----- Data for this exercise
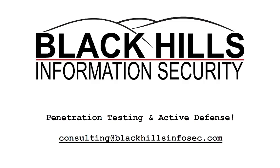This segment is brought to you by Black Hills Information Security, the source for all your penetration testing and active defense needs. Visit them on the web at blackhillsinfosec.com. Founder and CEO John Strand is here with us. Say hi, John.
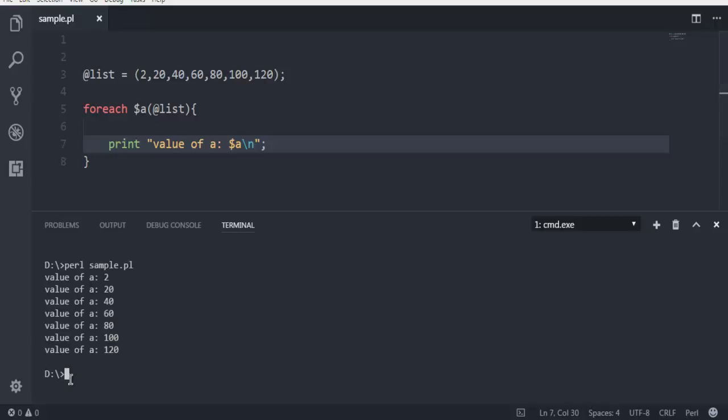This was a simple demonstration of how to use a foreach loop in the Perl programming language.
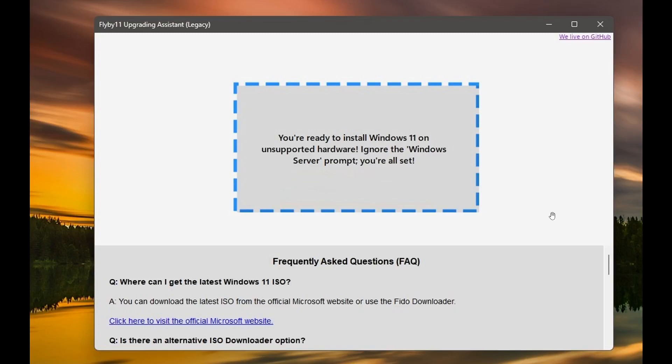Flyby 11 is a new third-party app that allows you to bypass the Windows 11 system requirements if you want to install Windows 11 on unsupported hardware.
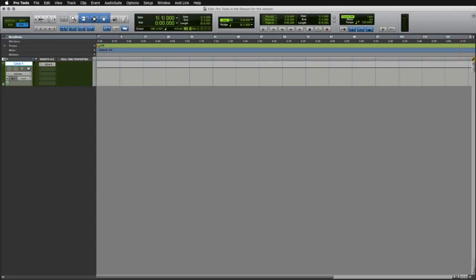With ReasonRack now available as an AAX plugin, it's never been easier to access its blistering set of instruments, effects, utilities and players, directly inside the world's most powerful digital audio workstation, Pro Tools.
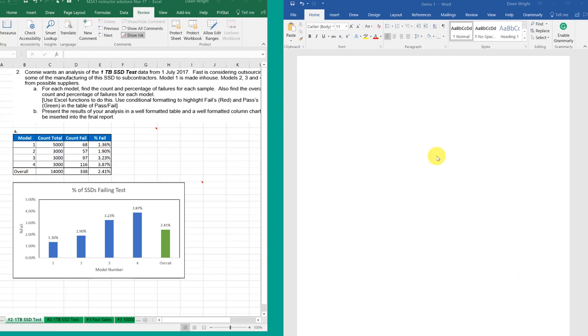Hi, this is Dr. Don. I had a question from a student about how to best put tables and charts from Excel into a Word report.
----------
----- Data for this exercise
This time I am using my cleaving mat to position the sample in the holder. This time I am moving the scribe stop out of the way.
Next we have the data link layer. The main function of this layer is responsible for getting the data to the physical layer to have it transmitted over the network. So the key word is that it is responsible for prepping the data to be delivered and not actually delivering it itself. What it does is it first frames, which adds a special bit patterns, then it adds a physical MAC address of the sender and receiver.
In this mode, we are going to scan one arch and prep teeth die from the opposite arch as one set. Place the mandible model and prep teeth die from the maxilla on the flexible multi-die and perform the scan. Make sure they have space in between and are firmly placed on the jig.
----------
▸ **Goal of the exercise**:
Find each line of the data above that holds the word "have", then copy it.

▸ **Answer section**:
Next we have the data link layer. The main function of this layer is responsible for getting the data to the physical layer to have it transmitted over the network. So the key word is that it is responsible for prepping the data to be delivered and not actually delivering it itself. What it does is it first frames, which adds a special bit patterns, then it adds a physical MAC address of the sender and receiver.
In this mode, we are going to scan one arch and prep teeth die from the opposite arch as one set. Place the mandible model and prep teeth die from the maxilla on the flexible multi-die and perform the scan. Make sure they have space in between and are firmly placed on the jig.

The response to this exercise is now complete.